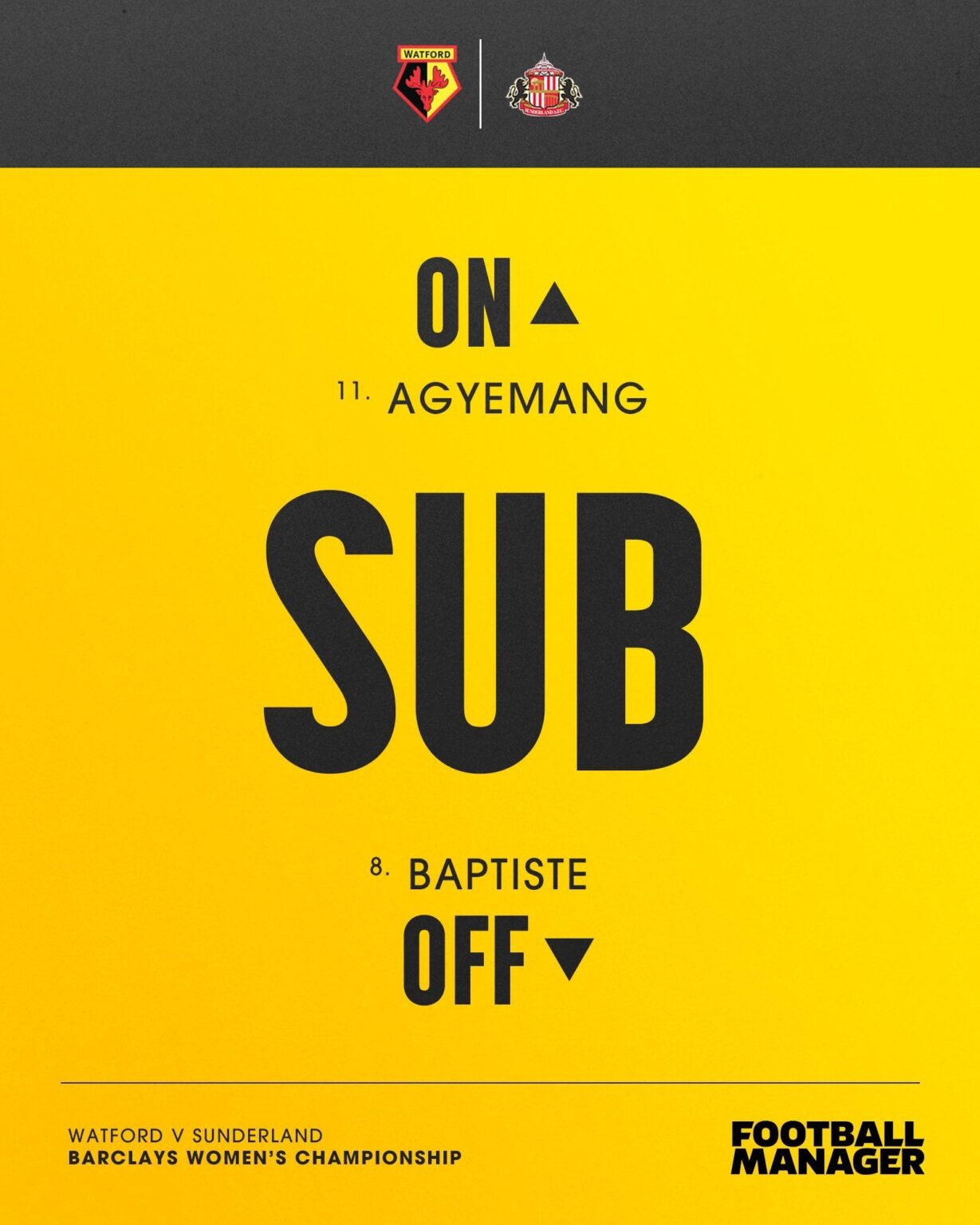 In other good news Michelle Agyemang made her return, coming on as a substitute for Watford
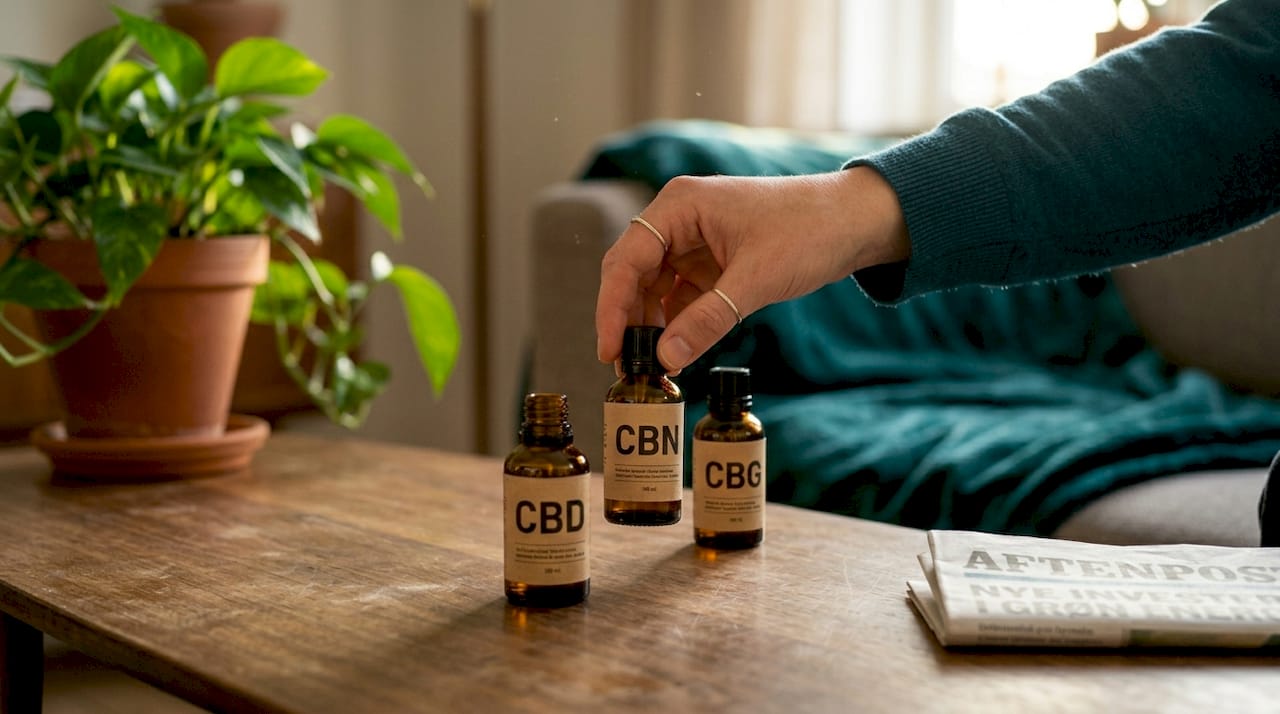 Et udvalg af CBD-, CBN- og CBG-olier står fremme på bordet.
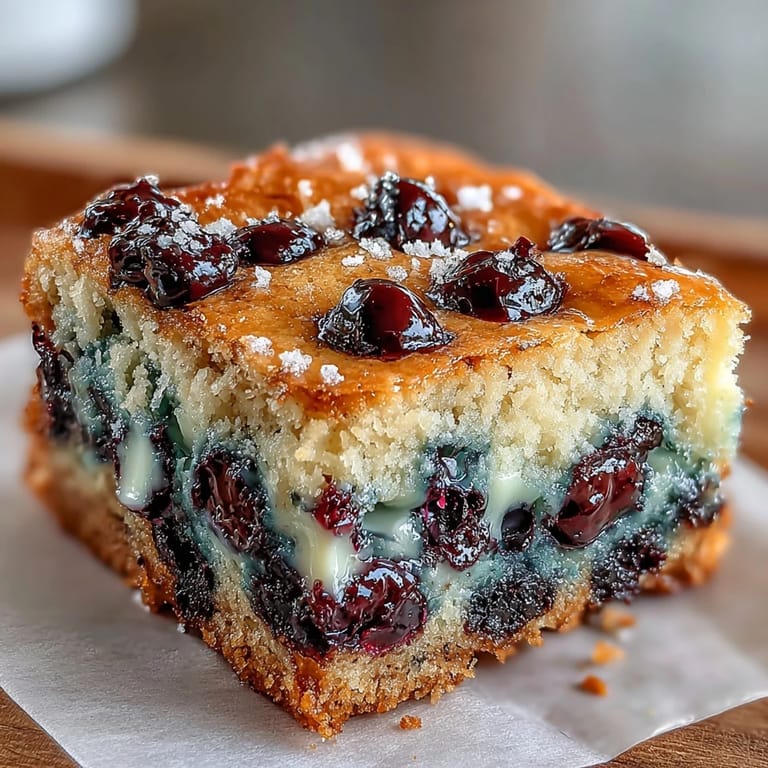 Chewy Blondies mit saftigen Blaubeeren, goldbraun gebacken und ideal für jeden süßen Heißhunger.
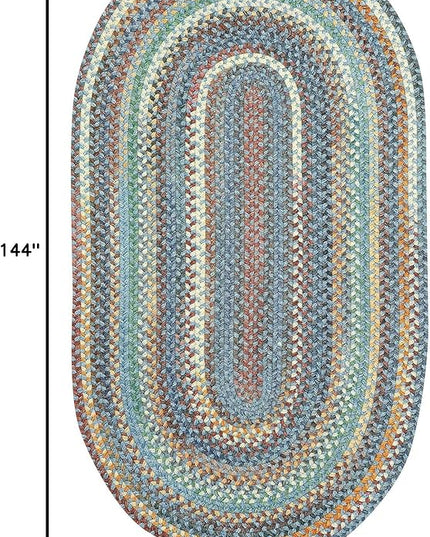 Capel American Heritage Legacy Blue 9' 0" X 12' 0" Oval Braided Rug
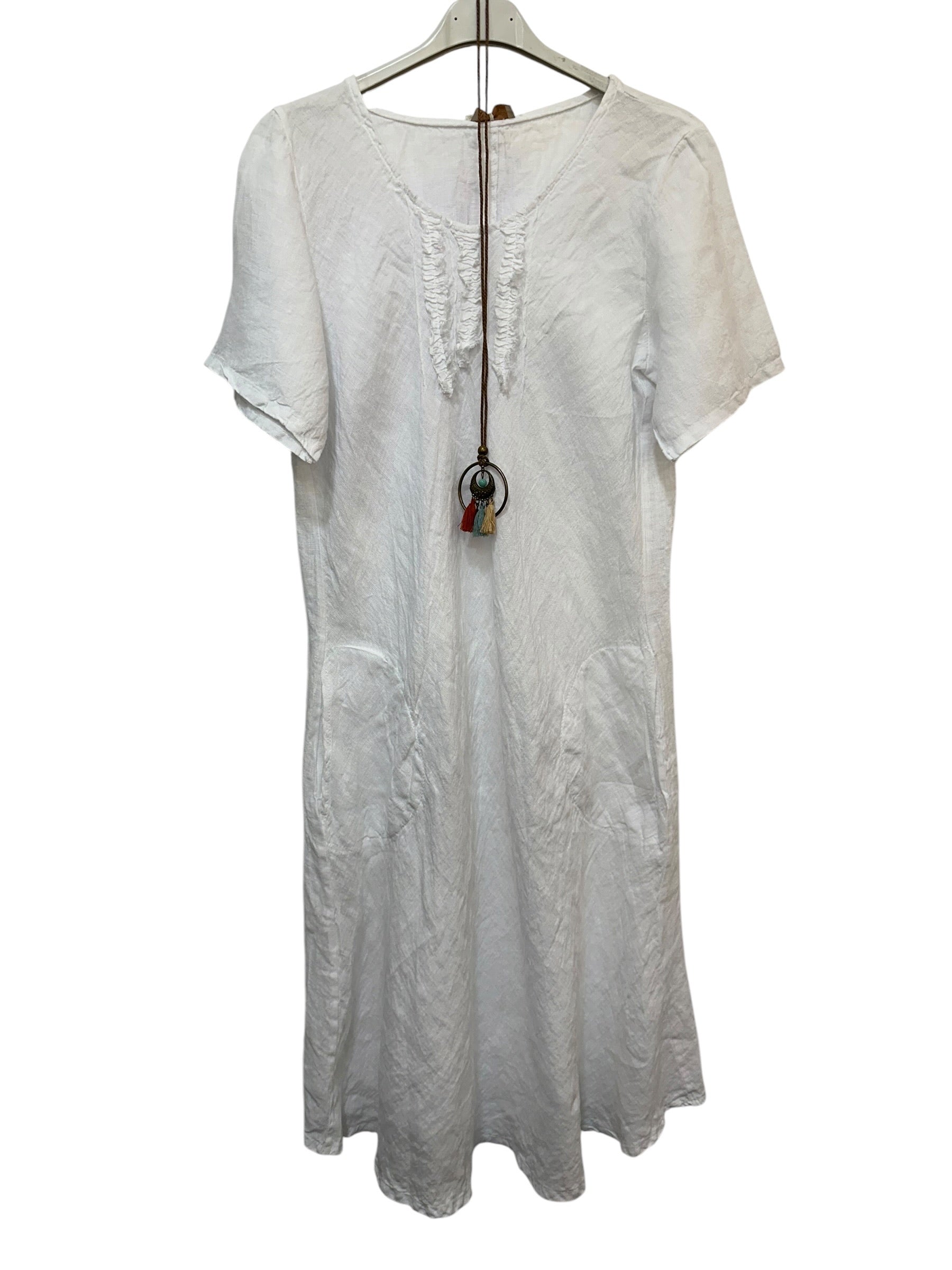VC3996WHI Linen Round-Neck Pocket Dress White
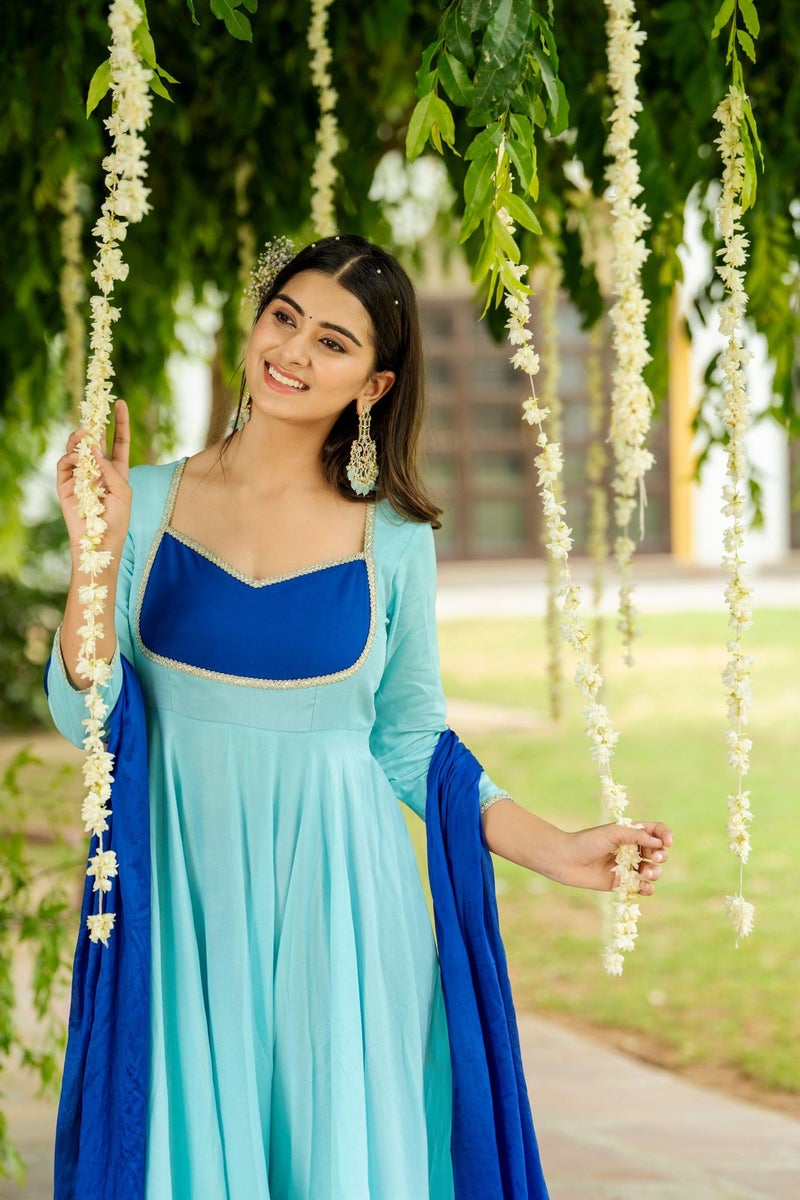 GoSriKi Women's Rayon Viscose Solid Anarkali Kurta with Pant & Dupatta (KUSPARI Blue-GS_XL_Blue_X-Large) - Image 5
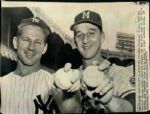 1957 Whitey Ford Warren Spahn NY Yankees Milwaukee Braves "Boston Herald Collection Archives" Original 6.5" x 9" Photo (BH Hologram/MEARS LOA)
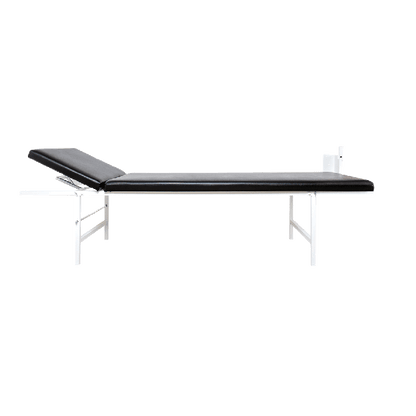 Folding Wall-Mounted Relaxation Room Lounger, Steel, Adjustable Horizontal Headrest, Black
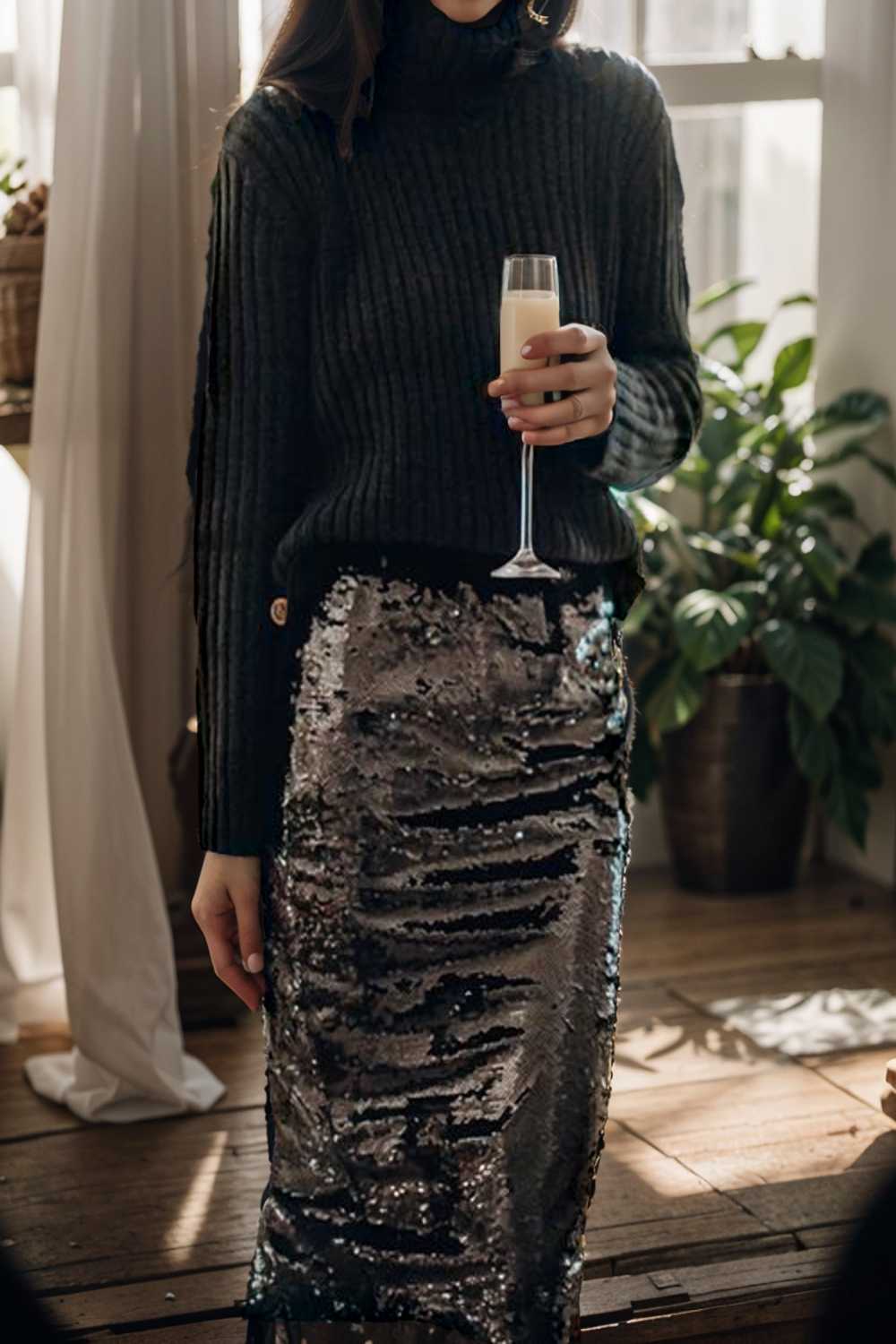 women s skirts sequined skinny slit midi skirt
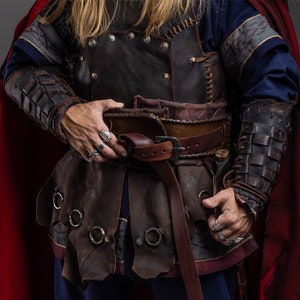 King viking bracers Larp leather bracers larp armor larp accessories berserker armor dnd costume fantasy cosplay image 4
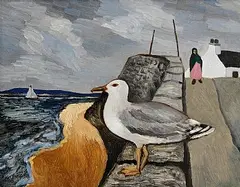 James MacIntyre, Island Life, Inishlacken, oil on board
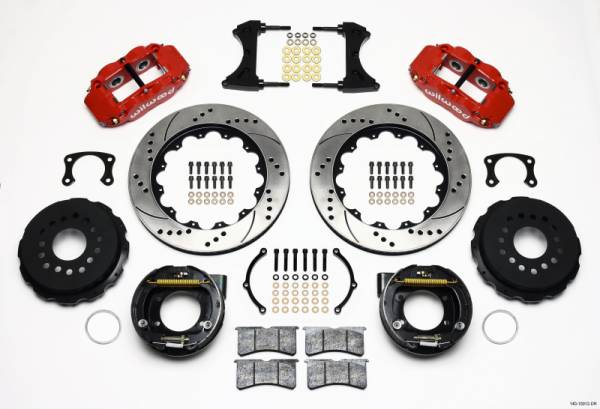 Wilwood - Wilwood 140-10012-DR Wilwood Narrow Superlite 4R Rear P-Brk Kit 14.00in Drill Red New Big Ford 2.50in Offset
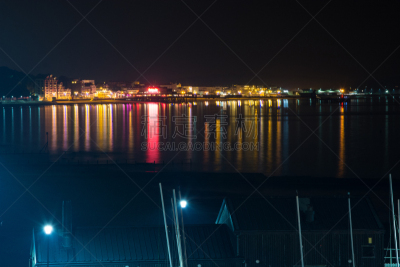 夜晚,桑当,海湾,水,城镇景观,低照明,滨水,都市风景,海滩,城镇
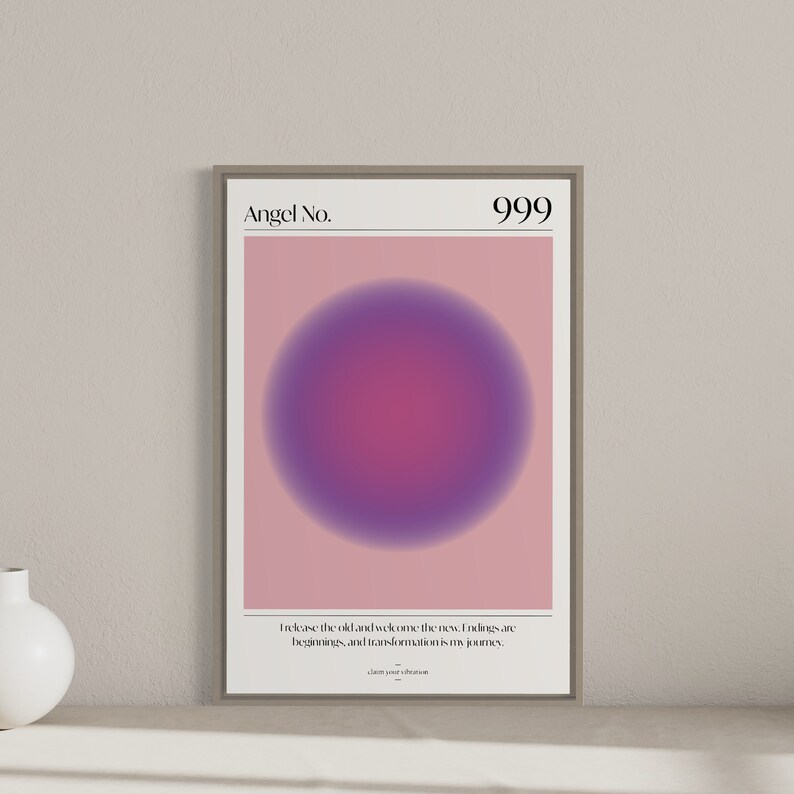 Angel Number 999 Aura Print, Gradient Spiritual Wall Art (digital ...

__HOW TO COMPLETE THIS TASK__:
All pictures must be left out. Reproduce exactly the lines from the one containing "Et udvalg af" to the final line of the entries.

__FINISHED EXERCISE__:
 Et udvalg af CBD-, CBN- og CBG-olier står fremme på bordet.
 Chewy Blondies mit saftigen Blaubeeren, goldbraun gebacken und ideal für jeden süßen Heißhunger.
 Capel American Heritage Legacy Blue 9' 0" X 12' 0" Oval Braided Rug
VC3996WHI Linen Round-Neck Pocket Dress White
 GoSriKi Women's Rayon Viscose Solid Anarkali Kurta with Pant & Dupatta (KUSPARI Blue-GS_XL_Blue_X-Large) - Image 5
 1957 Whitey Ford Warren Spahn NY Yankees Milwaukee Braves "Boston Herald Collection Archives" Original 6.5" x 9" Photo (BH Hologram/MEARS LOA)
 Folding Wall-Mounted Relaxation Room Lounger, Steel, Adjustable Horizontal Headrest, Black
 women s skirts sequined skinny slit midi skirt
 King viking bracers Larp leather bracers larp armor larp accessories berserker armor dnd costume fantasy cosplay image 4
 James MacIntyre, Island Life, Inishlacken, oil on board
 Wilwood - Wilwood 140-10012-DR Wilwood Narrow Superlite 4R Rear P-Brk Kit 14.00in Drill Red New Big Ford 2.50in Offset
 夜晚,桑当,海湾,水,城镇景观,低照明,滨水,都市风景,海滩,城镇
 Angel Number 999 Aura Print, Gradient Spiritual Wall Art (digital ...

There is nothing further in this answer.